Bert Spaan got his dis-con charge thrown out and is preparing to sue the city for wrongful arrest.

Between the placard-flaunting state senator harassing people on bikes and the NYPD sticking to their "ticket ‘em all and let God sort ‘em out" approach, it can be tough to find stories that end well for cyclists. Here’s one with a satisfying conclusion though: A Brooklyn man who says he was cited for disorderly conduct after confronting a police officer for nearly running him off the road got the charges thrown out and is preparing to sue the city for wrongful arrest, according to his attorney.

Bert Spaan, a 34-year-old resident of Greenpoint, received the disorderly conduct summons this summer.

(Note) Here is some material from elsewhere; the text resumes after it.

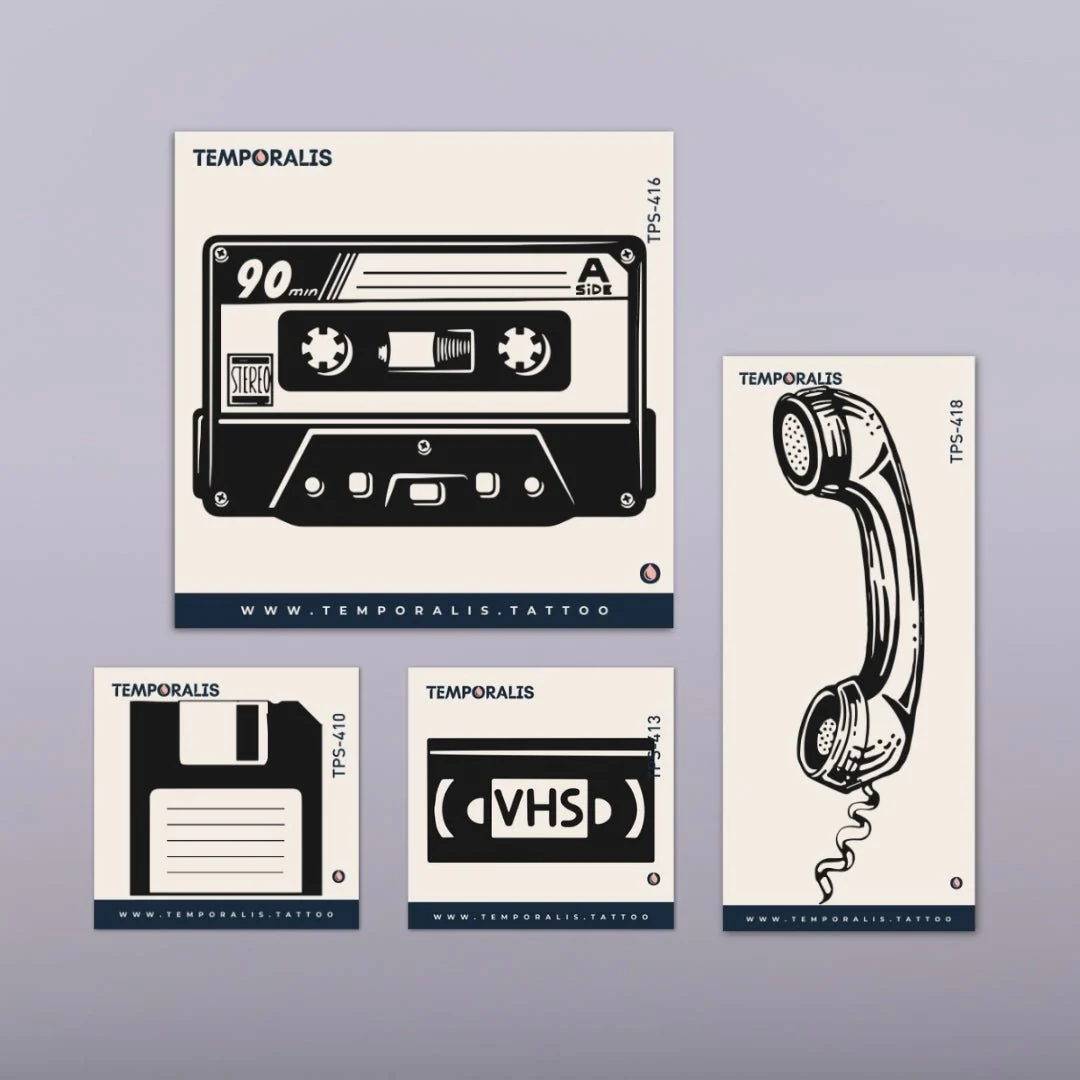 Retro Media - Tattoo Kit (4 tattoos)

According to Spaan, he was biking on Myrtle Avenue in Bed-Stuy when the officer nearly swerved into him, forcing him out of the traffic lane. Spaan said he knocked on the window of the officer’s cruiser to tell him about the near miss, and the officer responded by pulling him over in an intersection, telling him to get a helmet, and giving him a ticket for disorderly conduct.

The judge threw the charges out on December 1 after a couple of appearances in criminal court, says Spaan’s lawyer, Andrew Stengel. “Like the millions of other people that go to summons court and stand with a public defender for 10 seconds and they plea bargain to some public health law violation and pay a $100 fine, the police thought they would just sweep this under the rug,” Stengel said. “But Bert asserted his innocence and stood up for himself.”

“I’d like to think the case was thrown out totally on merit,” Stengel told Streetsblog, “though I don’t know the answer to that.”

Stengel and Spaan filed a notice of claim, an intention to sue the city, in September, and now have about 15 months to officially file the lawsuit. The first step, known as a 50-h hearing, should take place by the end of December and will involve Spaan testifying under oath as to what happened leading up to the ticket.

“I think he would have preferred me to cross-examine the police officer under oath and watch him lie or squirm, but a dismissal is a good outcome nonetheless,” Stengel said. But the officer might still have to testify should the wrongful arrest lawsuit make it to trial.

Stengel said the biggest lesson for cyclists to take away from this case is that they shouldn’t be afraid to assert their constitutional rights and force the government to make their case. He also said there needs to be a culture change in the way police relate to cyclists, echoing the message Brooklyn Borough President Eric Adams sounded at a vigil for Edwin Ajacalon last month.

“The NYPD for some reason, they treat cyclists like they’re aliens, like you landed here on a UFO," Stengel said. "It doesn’t seem like the NYPD knows how to interact with cyclists whether they’re driving or when something bad happens. I think police have a lot to learn about the dangerous way cars interact with cyclists and not the other way around."